“I tweeted 171 times on Super Bowl Sunday, but at any given time on that day, I had about 250 tweets ready to go that I prepared in the months, weeks and days before the game.” That’s ESPN’s Darren Rovell, in a blog post on Medium about how he, uh, did a good job(?) on Twitter on Super Bowl Sunday—like what does it even mean to succeed at tweeting?—and making me turn all the lights off in my home and stare at where I imagine my hands might be in the dark for a long time.
Picture it. My god, just picture it. Picture ESPN’s Darren Rovell in, like, January, learning some random shit about Jared Allen and making a mental note: Oh, that’ll be a good Super Bowl tweet. Meticulously crafting reams and reams of Super Bowl tweets, paper lists, digital ones, printouts of press releases for Super Bowl commercials to come; toiling, taking notes, sweat on his brow, leveraging the platform, preparing to enhance brand visibility, to be an influencer. Picture him taut, focused, hard at work, getting the tweets out on time, in order, tracking them, their shares, their resonance; celebrating the winners, the big successes, the social media engagement.
Or, just watch this, the saddest and most harrowing video I have seen in my goddamn life, which is included in ESPN’s Darren Rovell’s blog about his Super Bowl Sunday tweets:
Fun fact: Swap out the thumping electronic music for some tinkling piano shit and this video erases Death of a Salesman from human memory.
“I’ve kind of been building up for weeks and weeks,” he says, “trying to figure out what my content’s gonna be.” His Twitter content. The content of his tweets. Tweets like this one, God help us:
Behold: Plugged-In Social Media Powerhouse Man! Here is his “Tweetdeck.” He has “notifications.” At times he receives “a text.” “We are rockin’,” he says. About his tweets. His Super Bowl tweets. The Super Bowl tweets he planned “months, weeks and days” in advance.

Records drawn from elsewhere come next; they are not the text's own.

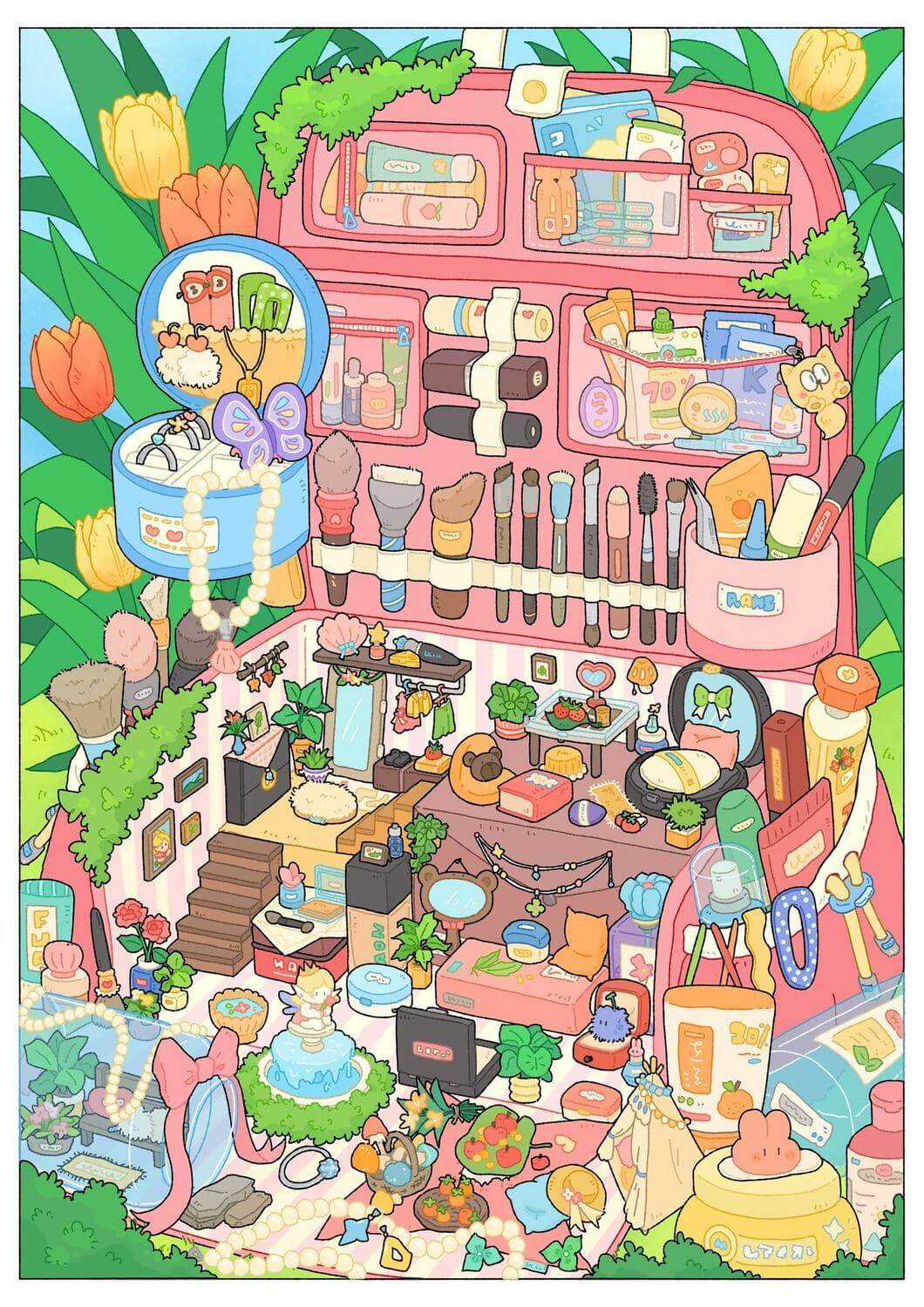 Dream Loft DIY 3D Scene Stickers 4 Cute Miniature Scenes(L)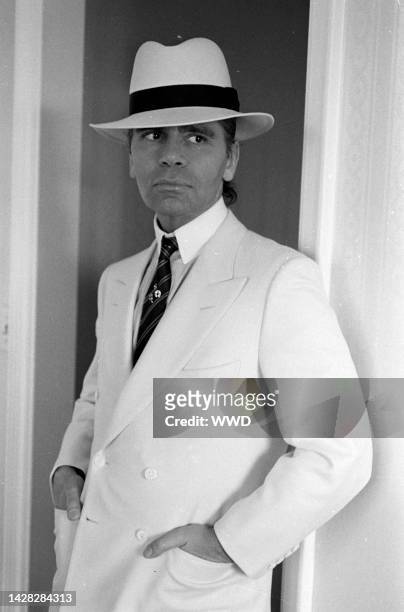 Designer Karl Lagerfeld in a hat by Jay Lord Hatters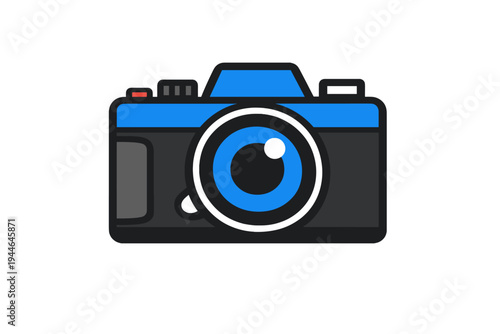 This minimalist vector illustration features a blue and dark grey digital camera with a prominent lens and a red button. The graphic is set against a solid black background.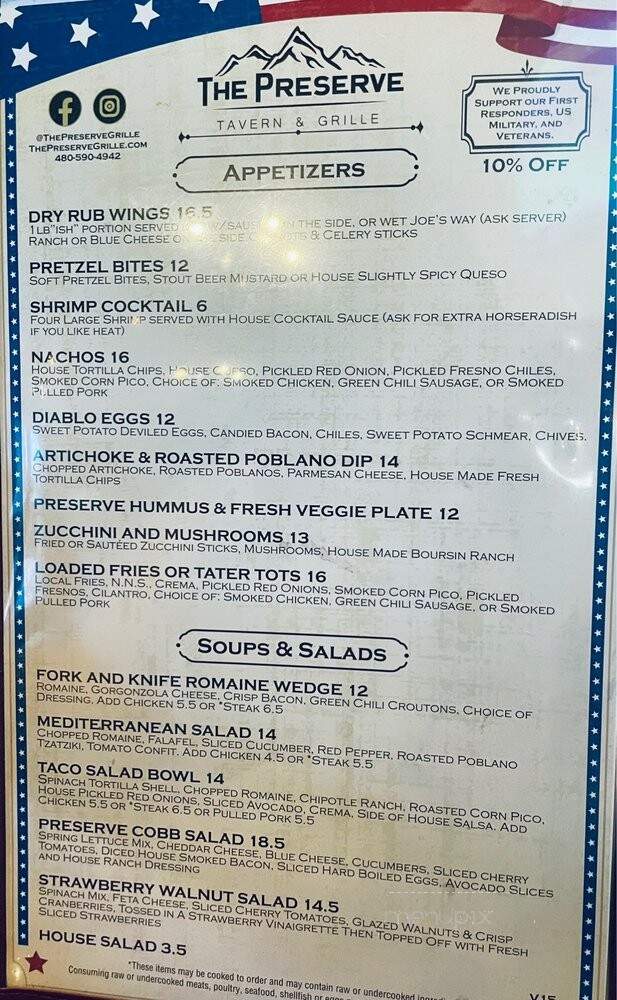 The Preserve Tavern & Grille - Scottsdale, AZ menu_pic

“This is gonna be a big one,” he says, as we see a screencap of this presumably un-pre-fabricated tweet ...
... featuring an egregious typo (needs a “neither” before Budweiser, no?) that makes it say the opposite of what it’s supposed to say. No time! There’s no time, dammit! Gotta get out the tweets! Gotta leverage the platform!
“I was humbled that social metric company Onalytica named me the #1 influencer on Super Bowl Sunday,” writes ESPN’s Darren Rovell. My God, my God, he is righter than he knows.